A group of comedy writers, pushing for a “Tropic Thunder”-style gag about the type of pretentious, foreign, arthouse guff that wins festival awards, might very well land on the logline “unsubtitled Ukrainian sign-language drama” and we’d grimace and laugh accordingly. But then we watched unsubtitled Ukrainian sign-language drama “The Tribe” and were too busy gaping in astonishment to so much as crack a smile: this deeply compelling debut feature from director Myroslav Slaboshpytskiy utterly defies mockery with the seriousness of its subject matter and the intelligence of its execution. And it duly won awards, three in fact: the Cannes Critics’ Week Grand Prize, the Visionary Award and a Distribution Support Endowment Prize, this last especially good news, we have to think, because despite the difficulty of its themes and the unfriendliness of its comedy-gold logline, this is a film that deserves the biggest arthouse audience possible.

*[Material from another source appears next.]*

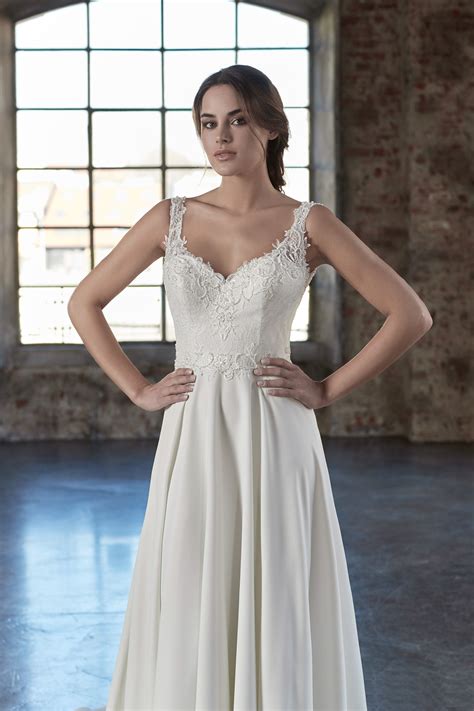 Store locator for a complete list of vera wang retailers. Golden durchschimmerndes Brautkleid von Venus in 2020 ...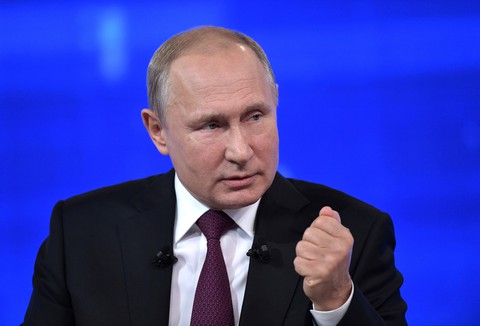 Tổng thống Putin tố Mỹ đánh Huawei để kiềm hãm Trung Quốc - Ảnh 1. Tổng thống Putin tố Mỹ đánh Huawei để kiềm hãm Trung Quốc - Ảnh 1.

Without a single recognizable word spoken throughout its entire running time, “The Tribe” takes place in the nightmarish demi-monde of a school for the deaf in the Ukraine, in which the students, aided by corrupt or neglectful or simply absent adult authority figures, have basically formed a society of their own, with its own rules and hierarchies, its own jealousies and currencies. Into this school a new boy arrives, and it’s largely his story we follow as he first elicits our sympathy as the object of bullying and exclusion, then gradually reveals himself to be a far more malevolent creature than we had first imagined. And in the first, and most astonishing of its formalist strokes of brilliance, the sign language which these young people use to communicate is not translated into subtitles or voiceover, so we’re thrown in at the deep end of trying to understand their “speech” with no crutch to help us stay afloat. It speaks to the cleverness of the scenarios and the eloquence of the shotmaking, performances (from the all-deaf cast) and mise en scene, that we manage to do so so quickly, learning how to mine body language and facial expressions and gestures for every drop of meaning.
But we’re by no means being put in the shoes of a deaf person: that is not Slaboshpytskiy’s aim at all. The film is far from silent, in fact complementing its excellent long-take, smooth, steadicam photography, it has a very carefully arranged sound design in which ambient noise becomes crisp and clear–footsteps, car engines, the susurration of clothing, the muffled impacts of fists on chests. This has the dual effect of heightening our awareness of the absence of the spoken word and putting us at a remove from the students who are, in fact, conversing amongst themselves but in a language we don’t speak and can’t hear. For a hearing person, this is uncannily eerie, to suddenly be on the back foot, thrust into an enclosed environment where the unquestioned norm of understanding and communication being easier because one can hear, is overturned.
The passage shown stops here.